Gelezen in de Volkskrant van 13 maart 2012:
‘Extremely Loud & Incredibly Close’ (2005) van schrijver Jonathan Safran Foer gaat over het New York van na 9/11. Foer zelf woont in Brooklyn, om de hoek woont Paul Auster; ‘Extremely Loud’ lijkt sterk op het werk van Auster. De clou van ‘Extremely Loud’ moet Foer echter hebben ontleend aan Kurt Vonnegut’s ‘Slaughterhouse Five’, waar de piloot van de bommenwerper troost vindt door de film van het bombardement op Dresden achterstevoren af te draaien. Ook Vunnegut woonde in New York, op de hoek van East 48th Street en Second Avenue, met zicht op Brooklyn. Alle drie de schrijvers zijn Joods, maar wat vooral telt is dat alle drie hun domicilie in New York hebben en dat alle drie over die stad schrijven. “Die avond lag ik in mijn bed iets te bedenken: onder elk kussen in New York zou een speciale afvoer moeten komen die in verbinding staat met de grote vijver in Central Park. De tranen van iedereen die zich in slaap huilt, zouden dan naar één plek stromen, en ‘s ochtends meldt de weerman of het peil in de Tranenvijver is gestegen of gezakt, en dan weet je of New York in mineur is of niet. En als er echt iets verschrikkelijks gebeurt – zoals een atoombom, of dan toch op zijn minst een aanval met chemische wapens – zou er een keiharde sirene afgaan die alle bewoners oproept naar Central Park te komen om zandzakken rond de grote vijver te leggen.” Het boek gaat over New York dus, maar het is ook een typisch Joods boek; wat dat betreft had de plaats van handeling ook Jerusalem of Dresden kunnen zijn.

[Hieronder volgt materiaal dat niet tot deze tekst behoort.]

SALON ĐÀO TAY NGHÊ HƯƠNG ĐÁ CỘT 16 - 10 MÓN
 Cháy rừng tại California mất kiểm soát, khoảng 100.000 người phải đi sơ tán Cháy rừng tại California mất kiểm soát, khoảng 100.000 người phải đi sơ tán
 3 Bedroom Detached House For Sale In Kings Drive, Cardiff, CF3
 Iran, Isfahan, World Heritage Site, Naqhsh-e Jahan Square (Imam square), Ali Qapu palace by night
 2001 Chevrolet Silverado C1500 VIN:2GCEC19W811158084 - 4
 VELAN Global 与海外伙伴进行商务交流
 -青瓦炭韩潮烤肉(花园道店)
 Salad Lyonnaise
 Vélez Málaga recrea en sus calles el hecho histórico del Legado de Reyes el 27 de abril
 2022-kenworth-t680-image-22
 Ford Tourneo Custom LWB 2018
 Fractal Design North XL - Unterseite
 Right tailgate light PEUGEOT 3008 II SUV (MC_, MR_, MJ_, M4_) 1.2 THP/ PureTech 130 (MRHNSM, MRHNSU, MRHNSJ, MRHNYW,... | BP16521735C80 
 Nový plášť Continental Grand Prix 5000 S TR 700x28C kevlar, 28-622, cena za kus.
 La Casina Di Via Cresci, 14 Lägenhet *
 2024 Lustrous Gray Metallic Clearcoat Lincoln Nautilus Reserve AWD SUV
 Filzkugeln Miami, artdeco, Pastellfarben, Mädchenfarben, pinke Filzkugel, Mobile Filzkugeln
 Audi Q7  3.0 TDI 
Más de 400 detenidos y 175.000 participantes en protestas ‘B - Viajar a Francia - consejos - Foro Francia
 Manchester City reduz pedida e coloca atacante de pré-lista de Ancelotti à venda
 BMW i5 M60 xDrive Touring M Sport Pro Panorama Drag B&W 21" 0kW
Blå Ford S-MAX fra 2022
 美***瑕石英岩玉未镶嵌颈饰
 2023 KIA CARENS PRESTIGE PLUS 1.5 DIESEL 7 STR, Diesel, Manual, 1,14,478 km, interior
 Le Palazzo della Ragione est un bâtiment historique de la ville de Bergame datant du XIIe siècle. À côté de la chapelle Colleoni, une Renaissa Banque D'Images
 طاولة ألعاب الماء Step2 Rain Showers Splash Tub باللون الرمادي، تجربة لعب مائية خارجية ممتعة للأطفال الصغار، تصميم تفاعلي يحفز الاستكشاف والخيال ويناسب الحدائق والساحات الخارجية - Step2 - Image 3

In een interview met Foer naar aanleiding van de verfilming van ‘Extremely Loud’ vertelt hij over zijn schrijven. Hij schrijft heel intuïtief. “Ik benader schrijven niet met een structuur.” Hij wil in de eerste plaats verhalen vertellen. Elkaar verhalen vertellen en samen eten zijn volgens hem beide ‘essentiële menselijke activiteiten’. Hij wil met zijn boeken ook niet overtuigen, maar zaken bespreekbaar maken. Hij wil de wereld veranderen, maar niet door radicaal te zijn, wel door de cultuur en de conversatie bij te sturen. “Je kunt tot mensen doordringen als je niet agressief, irritant of prekerig doet, maar nederig en eerlijk. Daarmee erken je hoe moeilijk het kan zijn om overtuiging in actie om te zetten.” Foer is tegen het zwartwitdenken, want zo zitten mensen niet in elkaar. “Ons denken en voelen zijn grijs en genuanceerd.” Hij zou, besluit hij, nooit de politiek in gaan of actievoerder kunnen zijn, waarna de journalist – Diederik van Hoogstraten – hem in het interview neerzet als denker, geen activist, wat weer een typisch voorbeeld van zwartwitdenken is. Ikzelf denk dat Foer een hele goede planoloog zou zijn. Hij kent namelijk de sleutel tot verandering.